[Publicado na revista Relações Internacionais n.º 85 (março 2025), pp. 105-109 - AQUI]
Helen Thompson – Disorder: Hard Times in the 21st Century (1.ª ed. 2022), Oxford: Oxford University Press, 2023, 395 p. [ISBN 978-0-19-886501-8 (pbk.)]
Este livro, na sua 1.ª edição, foi publicado um mês antes da invasão da Ucrânia, em 2022; e dado que a autora identificava, na sua análise, a fronteira sudeste da União Europeia (UE) e o mar Negro como uma das zonas fulcrais de tensão geoestratégica, a obra mereceu uma 2.ª edição, com posfácio, em 2023, que é a aqui recenseada. Helen Thompson, professora de Economia Política no Clare College (Cambridge), é especialista nas repercussões geoestratégicas das questões energéticas e foi autora de Oil and the Western Economic Crisis (Palgrave Macmillan, 2017), além de ser colunista do New Statesman e membro do conselho consultivo do think-tank Labour Together. Em Disorder: Hard Times in the 21st Century, Thompson propõe a triangulação da sua temática de eleição com a da evolução do mercado financeiro global e a das tensões políticas nos regimes democráticos ocidentais no primeiro quartel do nosso século – embora faça recuos cronológicos que chegam a incluir conjunturas decisivas de todo o século XX.
A tese do livro é que as mudanças estruturais em torno da energia (em particular, do acesso a fontes de energia) e da finança (em particular, do acesso a uma moeda-padrão internacional) desencadeiam sempre consequências geoestratégicas tumultuosas e explicam a possibilidade ou viabilidade dos arranjos institucionais internacionais. E estes factos não são indiferentes à vida política interna dos Estados-nação, nomeadamente naqueles onde os mecanismos de poder democrático sofrem pressões destes fatores e geram respostas que interagem com eles.

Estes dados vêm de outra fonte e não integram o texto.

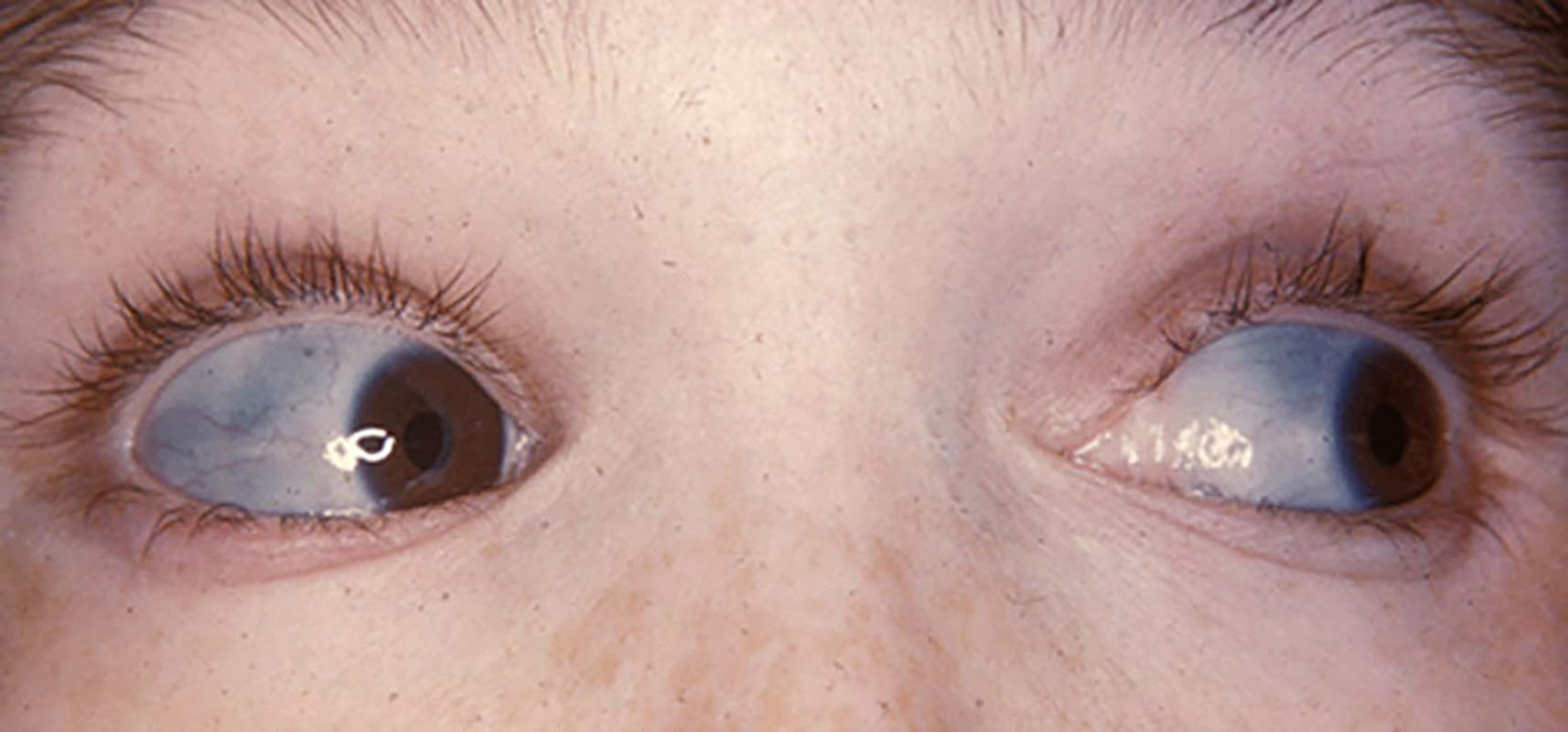 What determines eye color?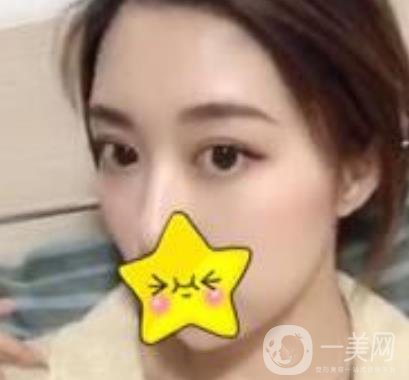 濟(jì)寧附屬醫(yī)院做雙眼皮多少錢？附真實(shí)案例及整形價(jià)格表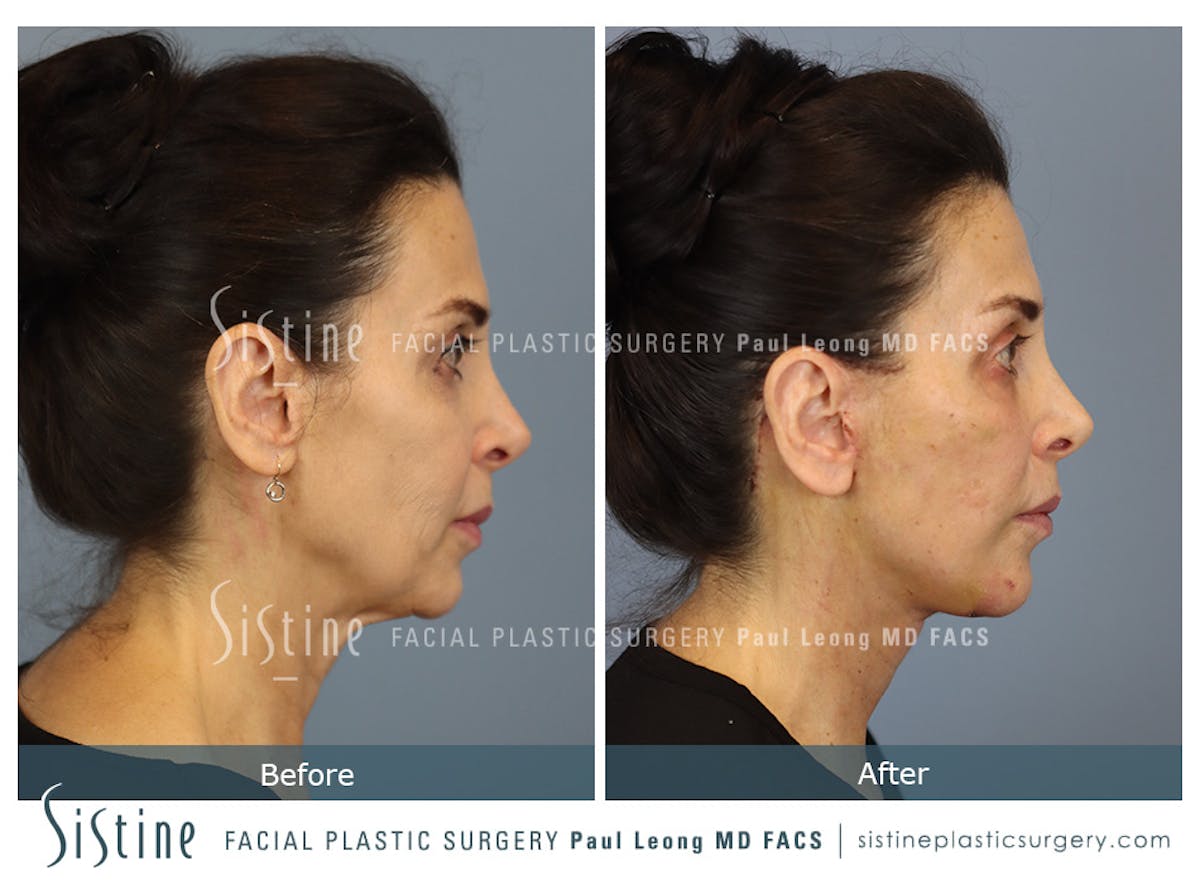 Facelift Before & After Gallery - Patient 279304 - Image 4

Thompson lembra que a Europa, e os seus Estados-nação principais, tiveram no passado uma hegemonia euroasiática e global quando a sua tecnologia industrial emergente dependia do carvão, sendo este uma fonte de energia que os mesmos tinham nos seus territórios – e poderíamos acrescentar que esse fator pesou na marginalidade, dentro da Europa, dos países (como Portugal) que não partilhavam aquele “feliz acaso geográfico” (como lhe chamou K. Pomeranz em The Great Divergence, Princeton U. P., 2001); da mesma forma, o declínio da hegemonia europeia e a emergência dos Estados Unidos da América (EUA) e da Rússia no século XX estiveram intimamente ligados à substituição do carvão pelo petróleo em setores-chave da economia (como os transportes ou a indústria petroquímica), de que a Europa não dispunha, ao contrário dos dois gigantes em ascensão. E o aumento do consumo de petróleo, depois da respetiva transição energética, condicionou as opções geoestratégicas e a projeção de poder exterior dos Estados – o que esteve patente nos mandatos britânico e francês no Médio Oriente após 1918 (e no esforço de assegurar corredores marítimos necessários ao transporte do petróleo ali explorado), tal como, após 1945, na pressão que os EUA tiveram para assegurar os corredores marítimos que permitiam transportar o mesmo petróleo para um consumo a que a sua produção interna já não bastava e para o fazer chegar também aos seus aliados do lado de cá da Cortina de Ferro. Ora, nesta dependência de combustíveis fósseis crescentemente consumidos está também hoje a China (e a Índia), o que condiciona a sua projeção externa de poder (no mar da China e no Índico para acesso ao golfo Pérsico) e respetivos alinhamentos geoestratégicos (máxime com a Rússia, sua natural fornecedora por vizinhança geográfica). Por outro lado, estes mercados consumidores emergentes dão aos produtores (Arábia Saudita ou Irão, entre outros) alternativas de alinhamento, que explicam as maiores pressões sobre os países ocidentais naquela região do Globo.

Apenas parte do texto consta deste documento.